Тем не менее многообразие социальных эстафет дает возможность маневра. Об этом (правда, немного в других терминах) пишет Папуш: «Человеком можно стать, только социализируясь в том или ином обществе. И вместе с прочими культурными нормами – языком, предметностью и пр. „начинающему человеку“ вменяются и социетальные нормы, т. е. „расклад“ социальных ролей, присущих данной культуре. В хорошей традиционной культуре человеку противопоставить этому нечего. Если мир изначально, всегда и по сути устроен так, что лучшие куски мяса отдаются мужчинам, а женщины и дети подъедают объедки, что членов чужого племени нужно при каждой возможности убивать, а в некоторых специальных ситуациях – съедать, с этим вряд ли можно что-либо поделать. Как гласит анекдотическая молитва, „благодарю тебя, Аллах, что ты не сделал меня женщиной“. К счастью, замкнутая и полностью воспроизводящаяся традиционная культура – абстракция, которая вряд ли когда-либо реально воплощалась. Всякая реальная культура неоднородна, а уж наше вавилонское столпотворение – и подавно. С самого начала „очеловечивания“ младенца мама говорит одно, папа – другое, а бабушка – третье. Реально же с ребенком сидит няня, которая почти ничего не говорит, но делает четвертое или пятое. И это, как мы уже не раз описывали, создает для ребенка необходимость и возможность выбора» [408, с. 471–472]. Такой выбор и будет в полном смысле слова экзистенциальным, поскольку делающий его человек выбирает себя, свой способ и образ жизни. И передаваемые и принимаемые по социальным эстафетам правила и способы воспроизводить и комбинировать различные эстафеты предоставляют для этого средства и инструменты.

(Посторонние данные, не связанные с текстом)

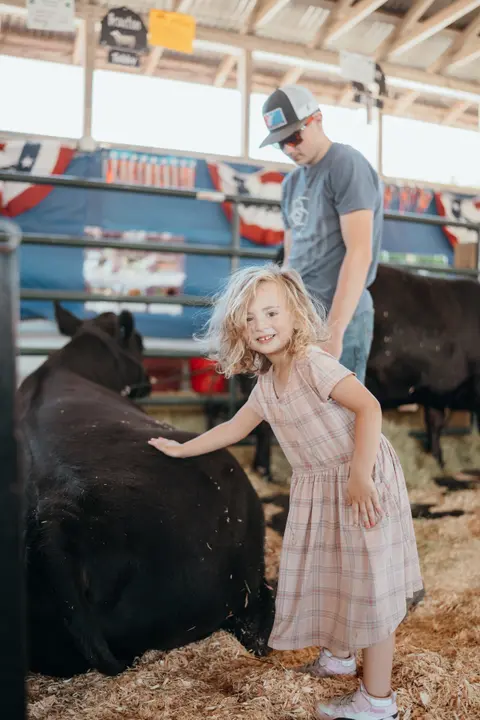 A young girl smiling while petting a black cow in a barn.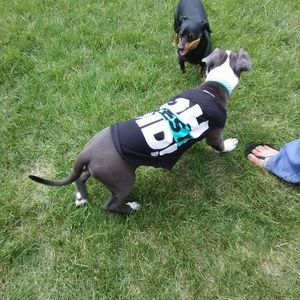 Meet your Posher, Thalia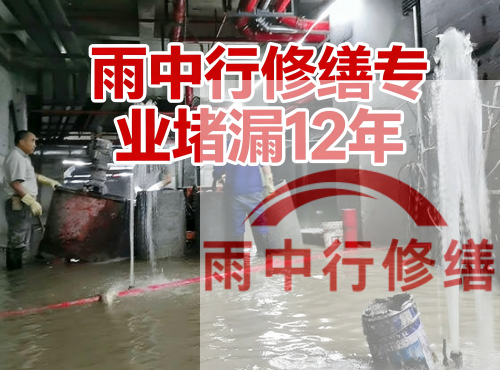 东营中国五矿某大型污水处理厂堵漏案例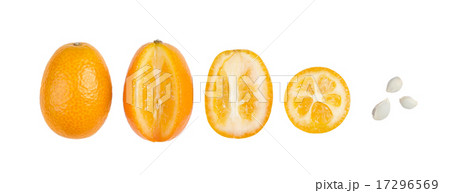 Oval Kumquats With Seeds In A Row Isolated On Whit 17296569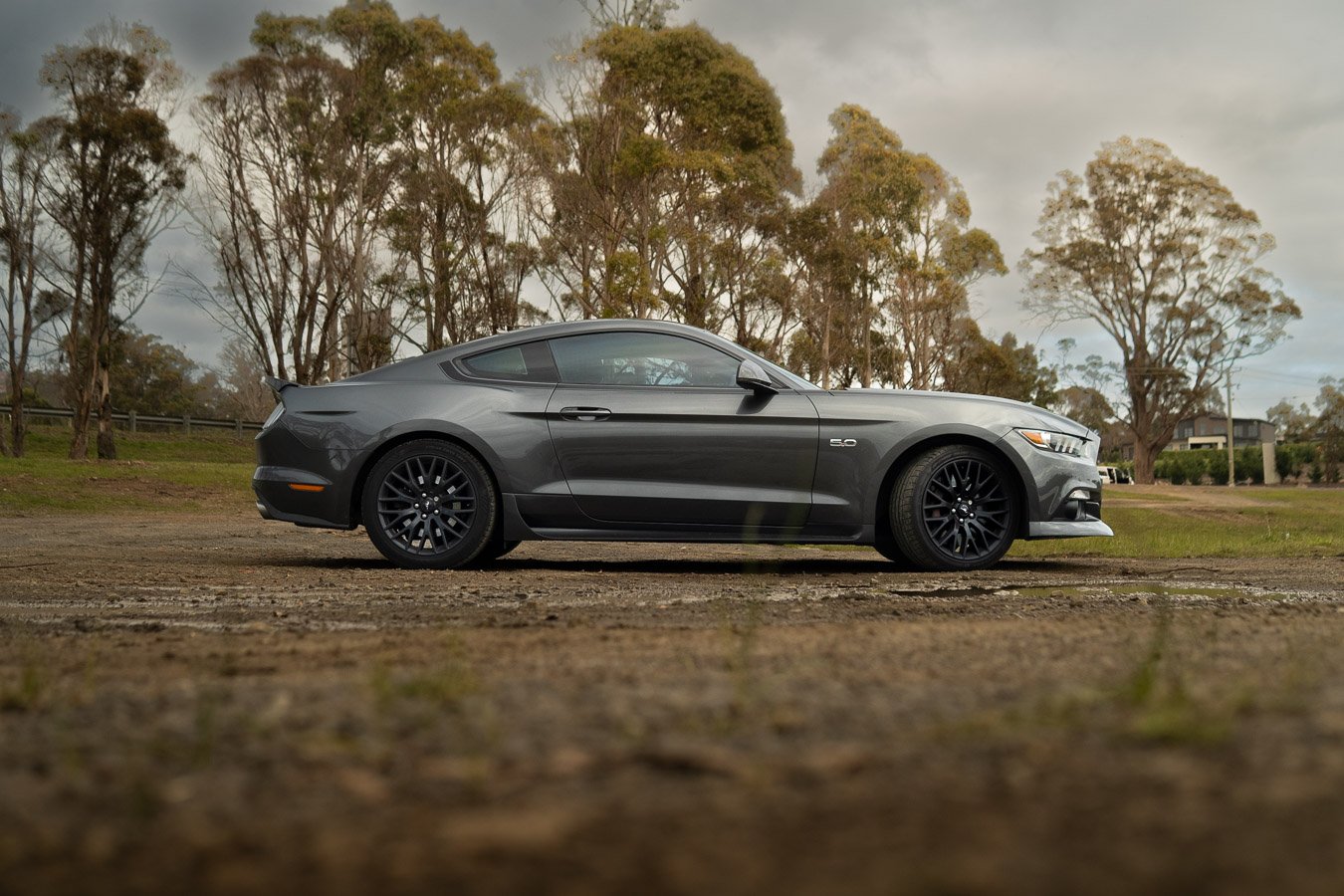 Grey Ford Mustang GT side profile among gum trees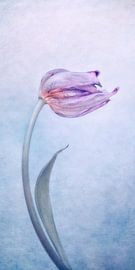 stormy morning by Claudia Moeckel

Конечно, тут не обходится без ошибок, причем различных типов. Например, набитый дурак из русской народной сказки говорит мужикам, несущим покойника, мол, носить вам – не переносить, поскольку именно это советовали ему говорить в прошлой ситуации (когда мужики молотили горох) [см. 388, т. 3, с. 130–131]. Это случай прямого переноса правил из одной ситуации в другую – очевидно (для нас, но не для дурака) принципиально отличающуюся от первой. Другой тип ошибок рассматривает Бейтсон: «В определенном смысле „игрок“ может ошибаться. Например, он может принять решение по вероятностным соображениям и затем сделать ход, который в свете ограниченной доступной информации является правильным с наибольшей вероятностью. Когда же становится доступно больше информации, он может обнаружить, что ход был ошибочным.